At the end, some advantages of Python which I really see:
- more than just array(). Proponents of Java as well as Python lambast PHP for just having array(), instead of Set, Dictionary, Hashtable and so on. Problem is that array() is that it performs very badly on some purposes, when compared to data structures which serve that specific purpose. Big arrays will just use up to much memory. One might argue that within web application, one will probably never use an array with 500.000 entries, but it limits PHP somewhat and doesn't make it a tool of choice for "real" applications. What I don't get is why they don't offer further data structures; with ArrayAccess and Iterator, it should be possible to implement further structures in fast C code.
- bytecode. You can have that in PHP as well, at least as far as I know, but not natively.

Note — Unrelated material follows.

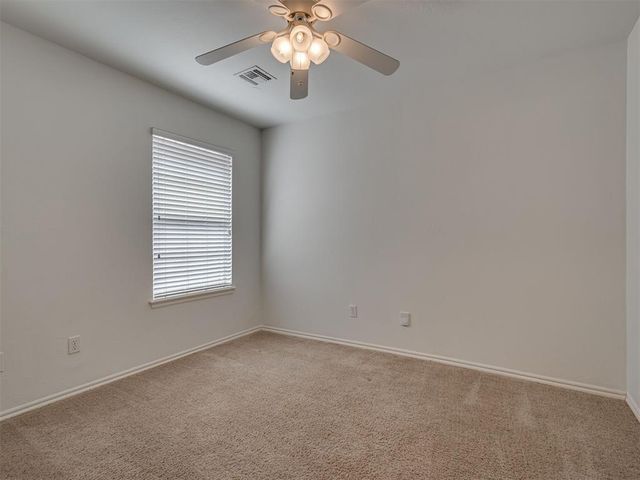 1425 Camber Street, Yukon, OK 73099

- threading. Not possible in PHP. Some of the fanbois say that this is good, because the average PHP programmer is too stupid to handle threading. PHP is still quite web centric, and threading doesn't really make as much sense in web applications.
- better organized base functionality, more stringency. What you can truly say against PHP is that it is still not very coherent. I'm again and again upset that the core functions do not throw exceptions. I also have to admit that PHP has some awkward caveats (a==0).
To sum it up, Python is a sturdy, good language, but it is not as superior to PHP as some people put it. It is superior in some parts, and inferior in others, so I just don't see a real purpose in switching to Python. On the other side, there's not much purpose in switching to PHP either. Java is another thing, because, although I have to pay tribute to the complexity, I really gain compared to PHP and have new possibilities such as to write GUI applications and Applets.